4. ID Broker components#

In this chapter the components that make up the ID Broker system are described.

Interaction of components.

Fig. 4.1 Interaction of components#

Service providers use the ID Broker for authentication and to retrieve information about logged in users. School authorities do the actual authentication and send their users data to the ID Broker. The ID Broker system provides interfaces for multi tenant authentication, user data storage and retrieval.

4.1. Modules#

The base for an ID Broker system is the UCS@school platform, on top of which various components implement the required interfaces.

4.1.1. UCS / UCS@school core system#

UCS@school components, like the UCS@school Kelvin REST API, are build on top of UCS’ core components OpenLDAP, Univention Directory Manager (UDM) and the UDM HTTP REST API.

Relevant for the ID Broker system are:

4.1.1.1. LDAP structure#

Schools are represented as OU nodes with containers for users, groups, computers and so on below them.

All school object belong to a single OU, except users. User object are stored inside one of its schools OUs, but have an additional attribute which lists all schools (OUs) they are members of.

Usernames and group names must be unique. Under the hood, names of school groups are prefixed with the OUs name, so the same school groups name can be used by multiple schools.

A regular UCS@school system represents the domain of one school authority with all its schools, users, groups etc. For the multi tenant feature of the ID Broker, the names of objects that must have unique names in LDAP are internally prefixed with the identifier of the tenant or replaced with a UUID.

4.1.1.2. UDM#

Univention Directory Manager (UDM) is a Python library that adds business logic on top of LDAP objects. UDMs features can be used through its Python UDM interface, the UDM command line or the UDM REST API.

The UDM extended attributes feature is used to register additional LDAP attributes required for the ID Broker system. For example the new user attribute brokerID is used to map a UUID to the username of a tenants user. Another attribute will be used to map between service provider specific aliases and the real user account names. All LDAP attributes registered with UDM are accessible as UDM properties in the UDM REST API.

4.1.1.3. UDM REST API#

UCS provides a the UDM REST API which can be used to inspect, modify, create and delete UDM objects via HTTP requests. All UDM modules and their attributes are accessible through it. The UDM REST API converts the types of most attributes from their LDAP string representations to more useful JSON representations. It does not do that for extended attributes though.

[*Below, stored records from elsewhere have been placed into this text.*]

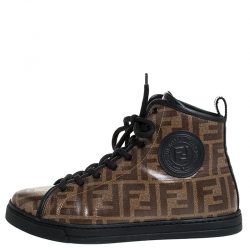 Fendi Brown Zucca Coated Canvas Lace Up High Top Sneakers Size 38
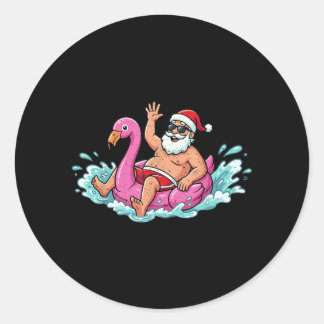 Santa Flamingo Floatie Summer Summer Xmas Men Classic Round Sticker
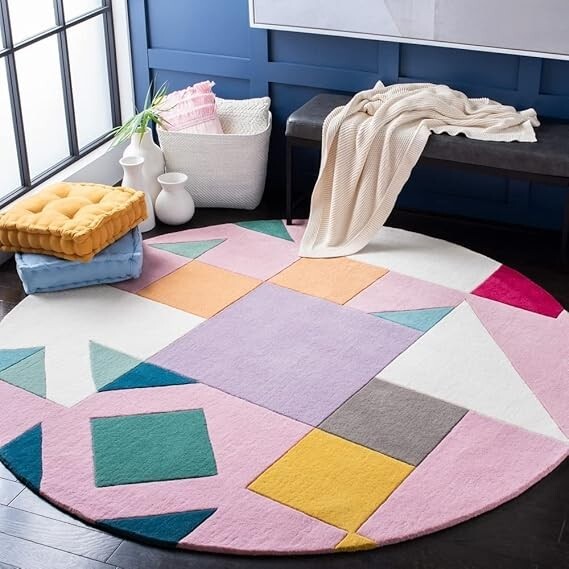 New Handmade Multicolor Round Rug 3×3, 4×4, 5×5, 6×6, 7×7, 8×8, 9×9, 10×10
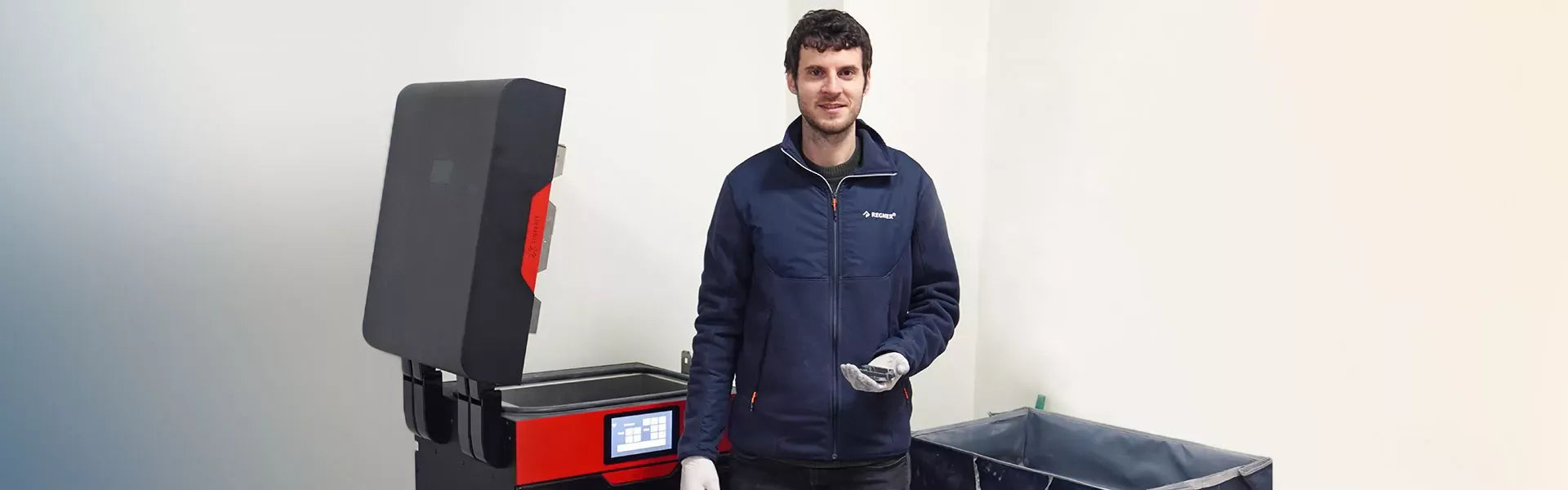 Regner custom linear actuator motion control components produced in-house on a Sinterit SLS 3D printer for healthcare and industrial markets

4.1.1.4. UCS@school Kelvin REST API#

The UCS@school Kelvin REST API provides HTTP endpoints to create and manage UCS@school domain objects like school users, school groups and schools (OUs). The Kelvin REST API internally uses the UCS@school library to add business logic on top of regular UDM user, group and computer objects. The result are for example complex user and server roles and finer grained authorization. To handle UCS@school objects, use the Kelvin REST API and not the UDM REST API, as it will take of data consistency. The Kelvin REST API uses the UDM REST API to communicate with the LDAP database and the Open Policy Agent for authorization.

Kelvin API details.

Fig. 4.2 Kelvin REST API components and connections#

4.1.2. Provisioning API#

Users and groups have to be created in the ID Broker system. Those users originate from the school authority systems. The Provisioning API is a REST API with methods and routes to read, create, update and delete users, school groups and schools.

The UCS@school ID Connector of each school authority uses the Provisioning API to send user and group data to the ID Broker system. Each school authority has an account in the ID Broker that allows it modify only its own objects. All objects managed through such an identity share a common namespace implemented as prefixes for the username / group names / OU names.

The Provisioning API transparently adds prefixes when talking to internal systems and removes them when talking to external ones. It acts like an adapter between the UCS@school ID Connector and the Kelvin REST API.

The Provisioning API is responsible for generating service provider specific pseudonyms. Separate pseudonyms are generated for each service provider and stored in separate attributes in the users/groups/OUs LDAP objects. A mapping from service provider ID to LDAP attribute name is retrieved from LDAP. Additionally a mapping from service provider ID to a secret password (used as salt in the generation of the pseudonym) is retrieved from LDAP. Each pseudonym is generated as a hash from the following three values:

  • entryUUID of the object in the school authorities LDAP (assumed to be a globally unique string)

  • service provider specific secret (the salt, known only to the ID Broker system)

  • school authority ID

The service provider specific secret prevents cooperating service providers to identify common users.

Provisioning API details.

Fig. 4.3 Provisioning API communication#

4.1.3. Self-disclosure API#

The design goal of the Self-disclosure API is to receive and send only service provider specific pseudonyms instead of clear text user IDs and other personal information. To make the services usable, the clear text values of some fields in the Self-disclosure API are transmitted (cf. section Future evolutions of the pseudonymization). Fig. 4.4 shows the API communication of the self disclosure API as described in the following paragraphs.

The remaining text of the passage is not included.